Segen oder Sekte?

Von Ayala Goldmann · 14.12.2012
Die weltweite jüdische Organisation Chabad Lubawitsch ist auch hierzulande sehr aktiv - und nicht unumstritten: Ein Segen für die Juden, weil sie Traditionen pflegt, loben die einen. Eine machtbewusste orthodoxe Sekte, die Einfluss auf jüdische Gemeinden nimmt, sagen die Kritiker.
"Herzlich willkommen zu Chanukka 2012 am Brandenburger Tor!"

Am Brandenburger Tor fällt dichter Schnee.

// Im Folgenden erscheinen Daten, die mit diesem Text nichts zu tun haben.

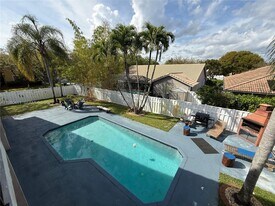 6263 NW 42nd Ct in Coral Springs, FL - Building Photo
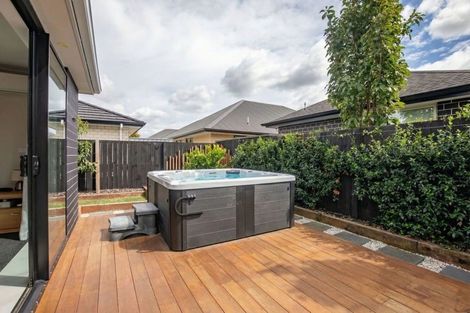 Photo of property in 26 Rose Leigh Drive, Cambridge, 3434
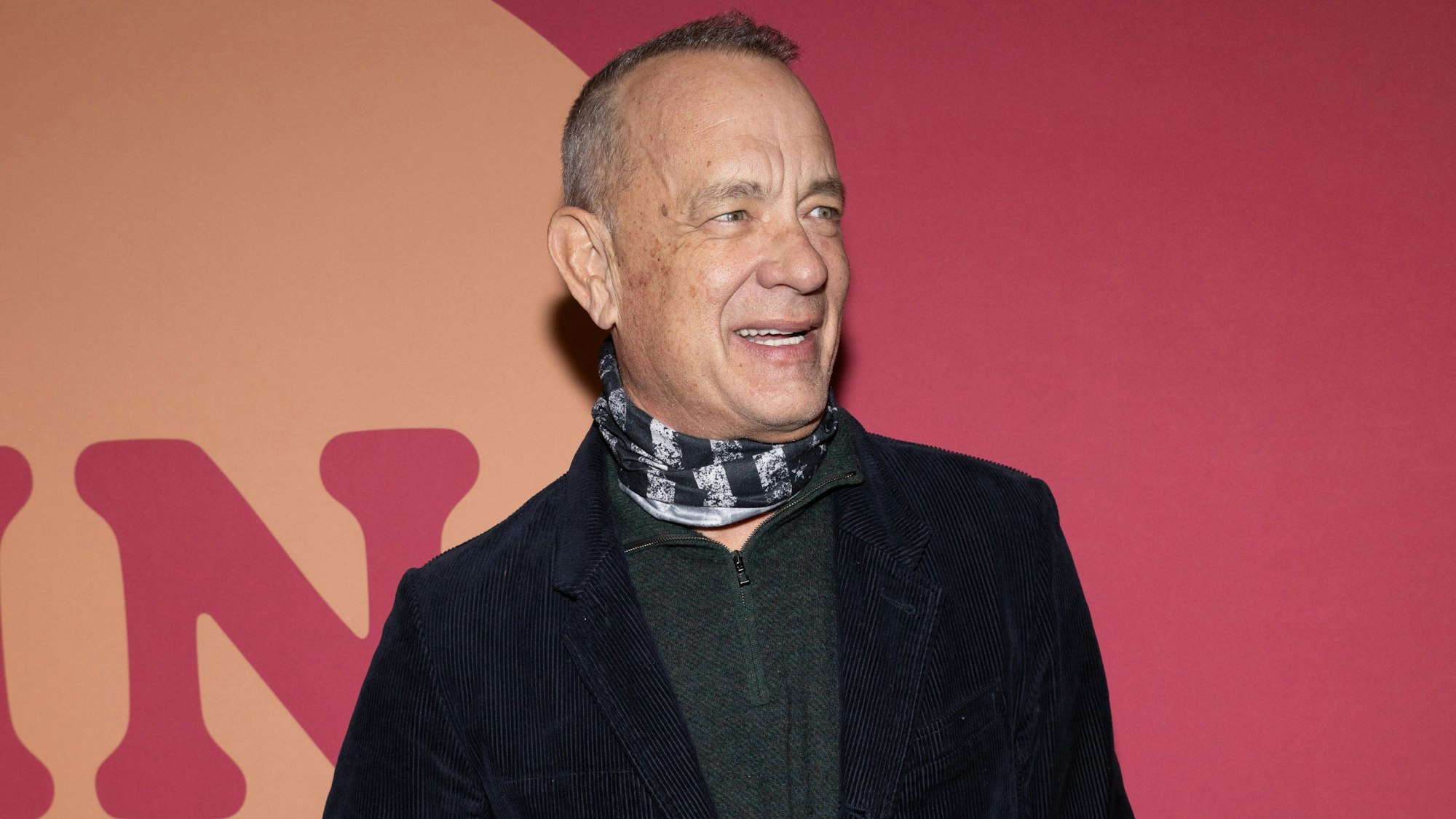 Sorge um Schauspieler: Zitternde Hände von Tom Hanks werfen Fragen auf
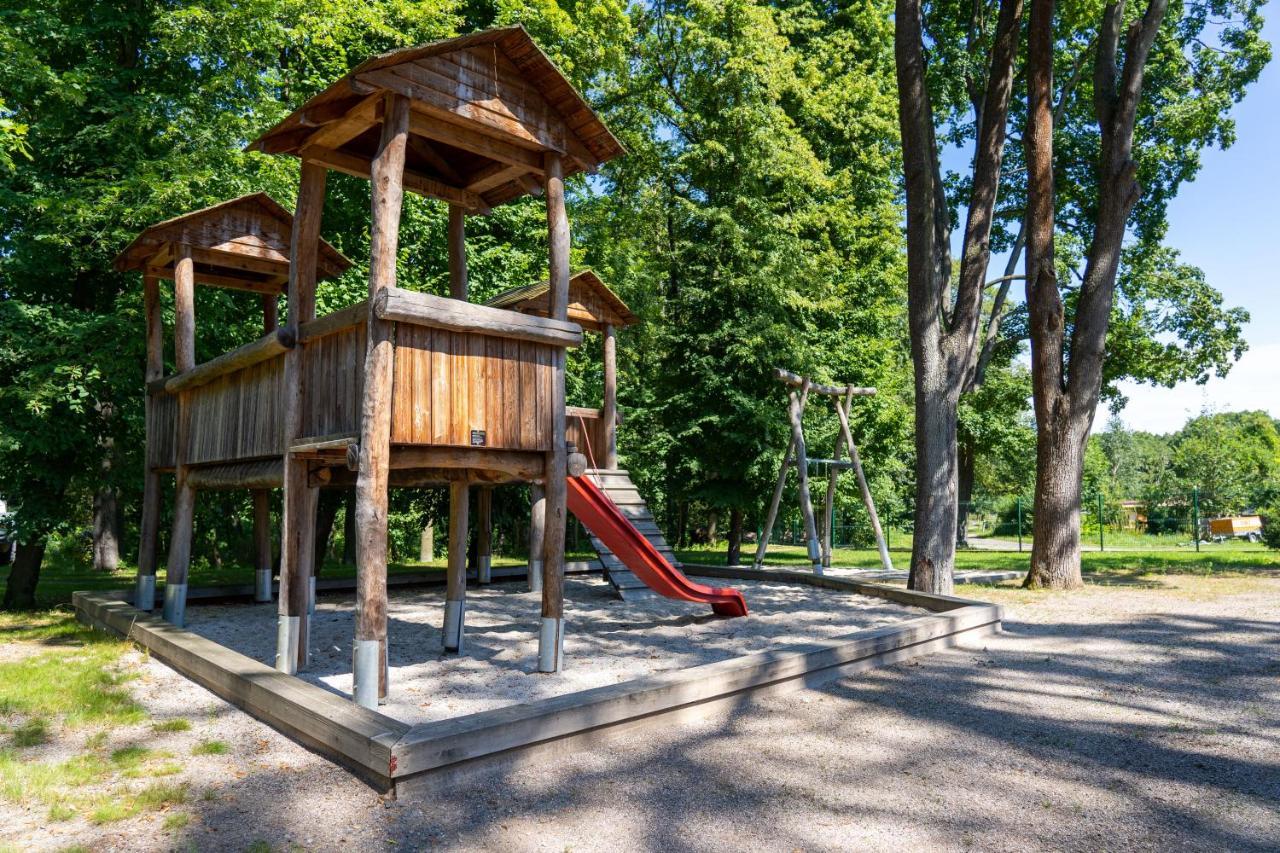 Hotel Zur Waldhufe Doberlug-Kirchhain Kültér fotó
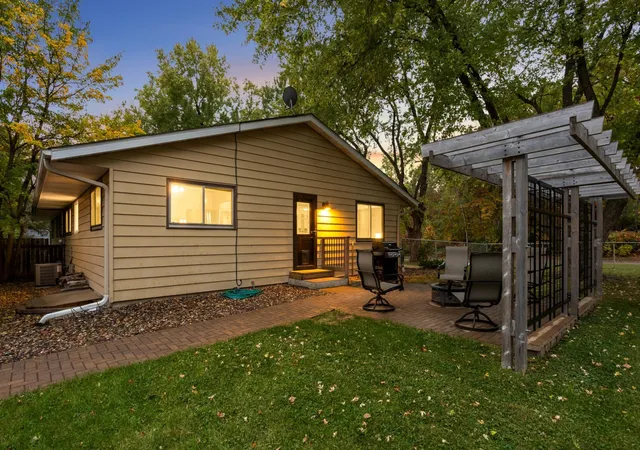 Photo 2 of Townhouse for sale at 2606 Jackson St, Saint Paul, MN 55117 | MLS# 7159689 | Listing updated on 2026-10-20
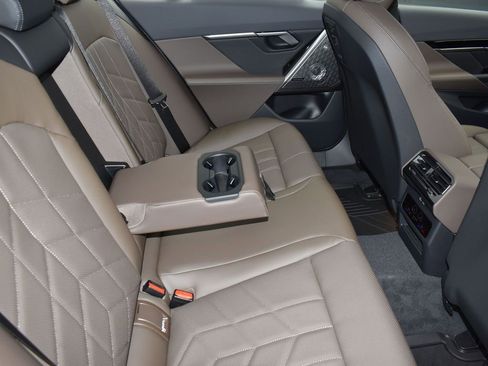 New 2026 BMW 530i w/ M Sport Package image 21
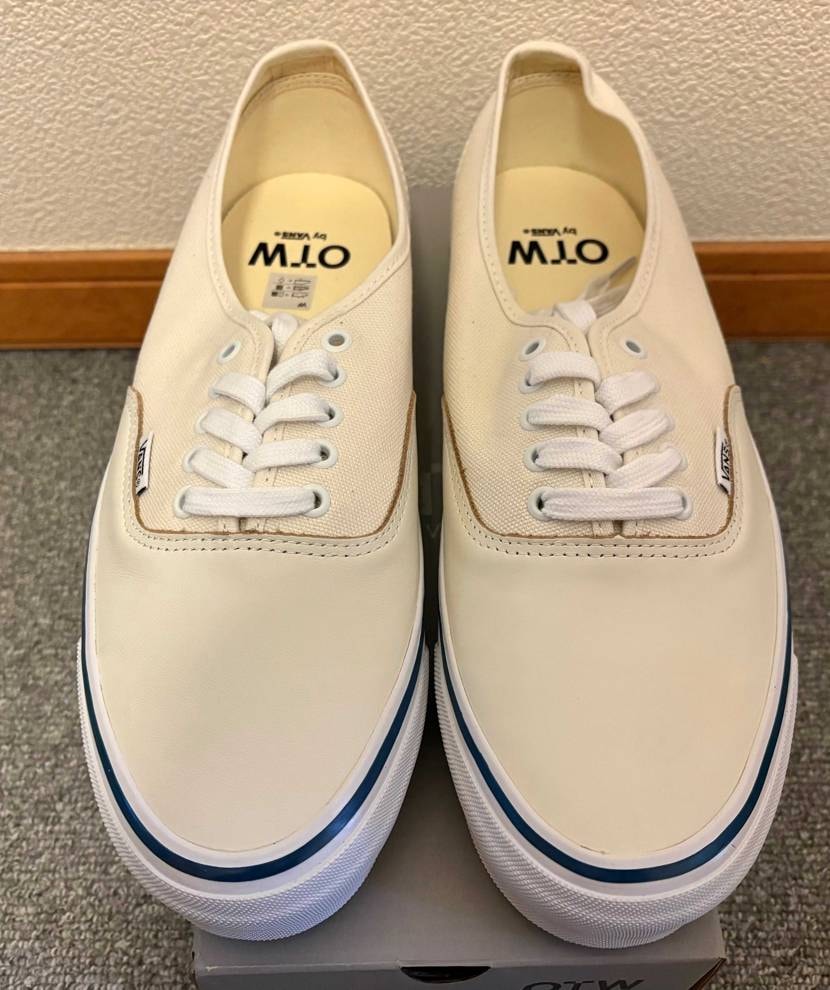 OTWオーセンティック届きました。
初OTWです。VANS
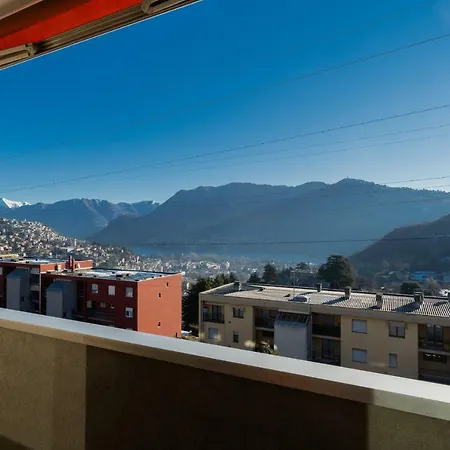 Апартаменты Two Bedrooms Ac Lake View By Rentallcomo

Es ist eiskalt. Doch das kann Yehuda Teichtal nicht erschüttern: Der Rabbiner der orthodoxen Chabad-Bewegung in Berlin steht kurz davor, das zweite Licht am riesigen Chanukkaleuchter zu entzünden. Zwar ist der Leuchter mit etwa fünf Metern längst nicht so hoch wie der hell erleuchtete Tannenbaum ein paar Dutzend Meter weiter. Doch dafür steht die Chanukkia direkt vor dem Brandenburger Tor, ein ideales Motiv für Kameras und Fotografen.

"Wir stehen heute Abend am Brandenburger Tor, um zu sagen, dass Judentum in Deutschland wird weiter wachsen und dauerhaft hier einen festen Ort haben!"

Der Amerikaner Yehuda Teichtal gehört zu den Tausenden von "Schlichim", Hebräisch für "Gesandte", die überall in der Welt für Chabad Lubawitsch aktiv sind. Und er ist einer der rührigsten. Diesmal ist Bundesbildungsministerin Annette Schavan zur Chanukkafeier am Brandenburg erschienen - ein schöner Erfolg für Teichtal, der sich vom Zentralrat der Juden finanzielle Unterstützung für sein Chabad-Rabbinerseminar in Berlin erhofft.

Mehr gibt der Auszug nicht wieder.